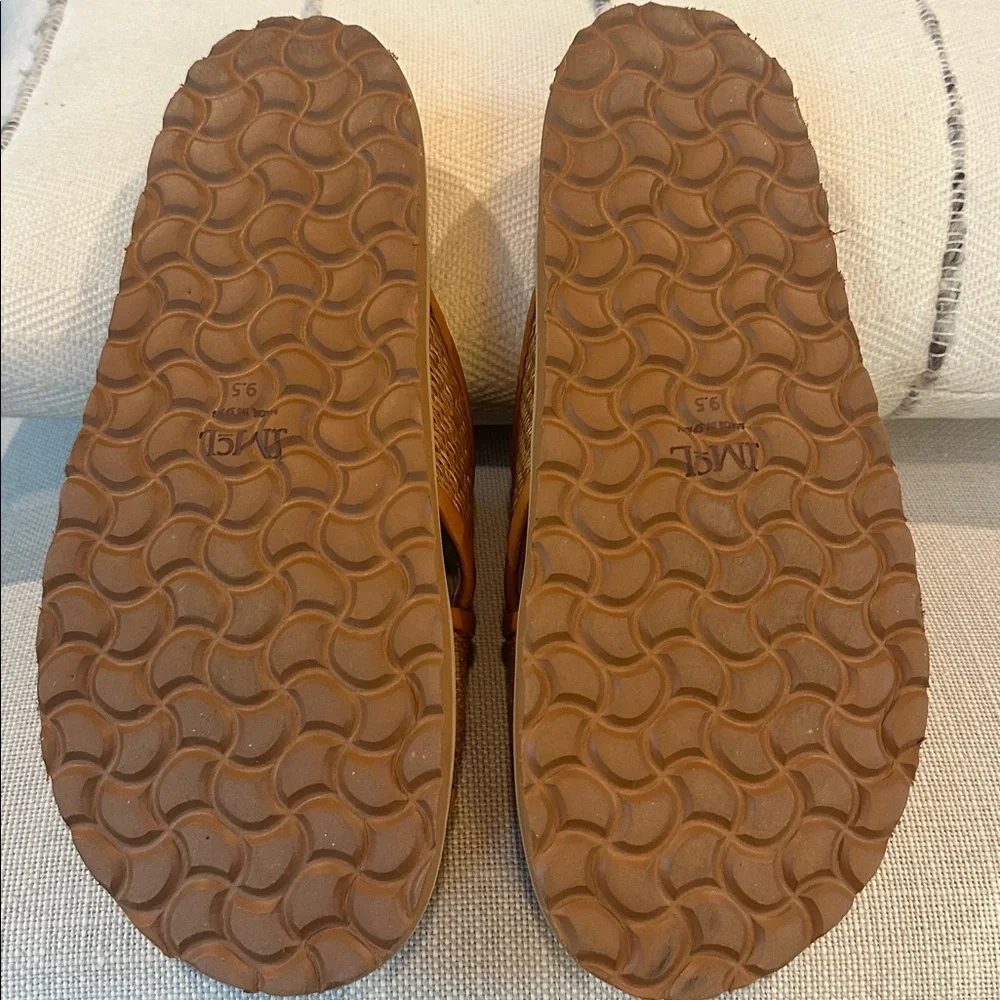 J. McLaughlin Brown Raffia Crisscross Slide Sandals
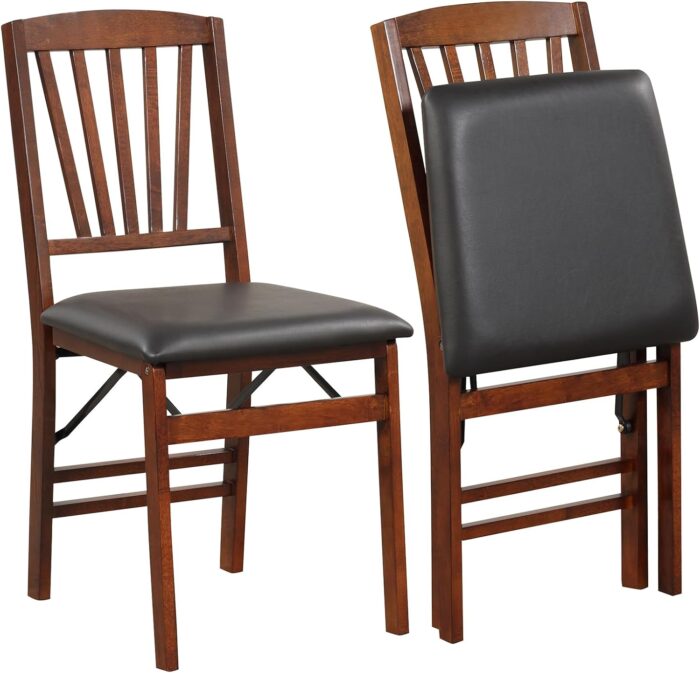 Giantex Folding Dining Chairs Set of 2, Foldable Wood Kitchen Chairs with Padded Seat, Solid Wood Frame, Max Load 400 Lbs, No Assembly Easy to Store Wooden Dining Chairs for Apartment, Small Space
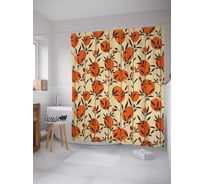 Штора (занавеска) для ванной JoyArty "Облепиха" из сатена, 180х200 см с крючками, sc_29225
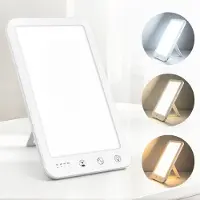 Peviasot Lampe de luminothérapie , 10000 lux, 3 couleurs de lumière (3000-6500 K), 5 niveaux de luminosité, minuterie (15-60 minutes), connecteur USB-C, idéale pour le bureau et la maison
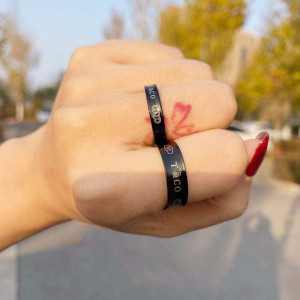 蒂芙尼tiffany官网戒指女925纯银1837款黑钛指环情侣对戒生日礼物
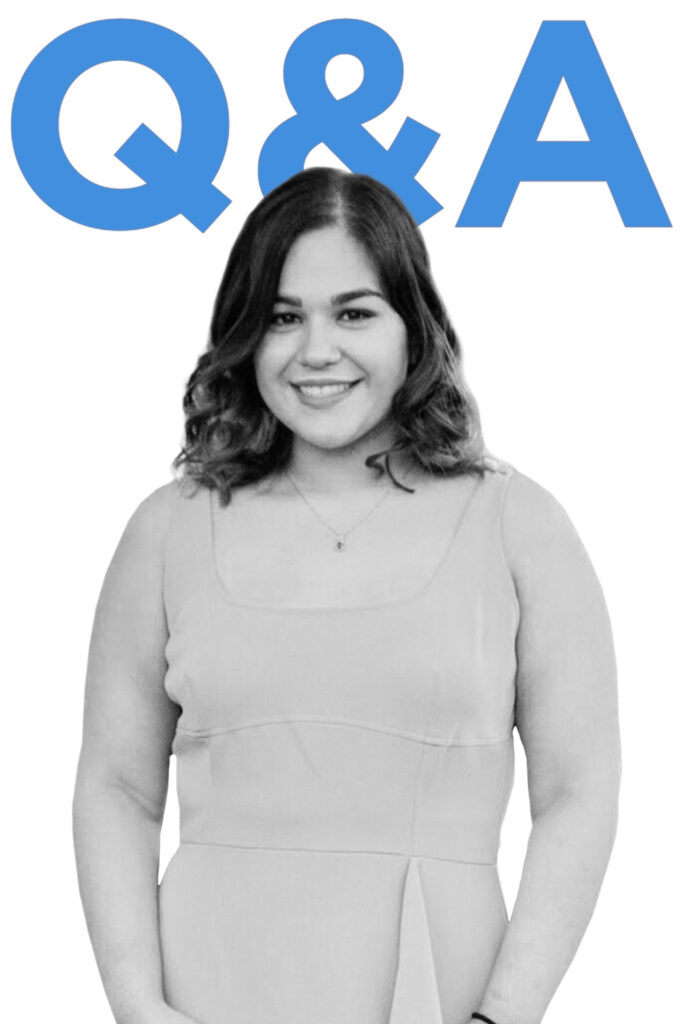 Featured is a black and white portrait of Jacqueline Ojeda, a Charles Butt Scholar Alum, set against the letters "Q&A."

* _ASSIGNMENT_
Each of the entries above must be output exactly, with none of the pictures.

* _WRITTEN ANSWER_
 J. McLaughlin Brown Raffia Crisscross Slide Sandals
 Giantex Folding Dining Chairs Set of 2, Foldable Wood Kitchen Chairs with Padded Seat, Solid Wood Frame, Max Load 400 Lbs, No Assembly Easy to Store Wooden Dining Chairs for Apartment, Small Space
 Штора (занавеска) для ванной JoyArty "Облепиха" из сатена, 180х200 см с крючками, sc_29225
 Peviasot Lampe de luminothérapie , 10000 lux, 3 couleurs de lumière (3000-6500 K), 5 niveaux de luminosité, minuterie (15-60 minutes), connecteur USB-C, idéale pour le bureau et la maison
 蒂芙尼tiffany官网戒指女925纯银1837款黑钛指环情侣对戒生日礼物
 Featured is a black and white portrait of Jacqueline Ojeda, a Charles Butt Scholar Alum, set against the letters "Q&A."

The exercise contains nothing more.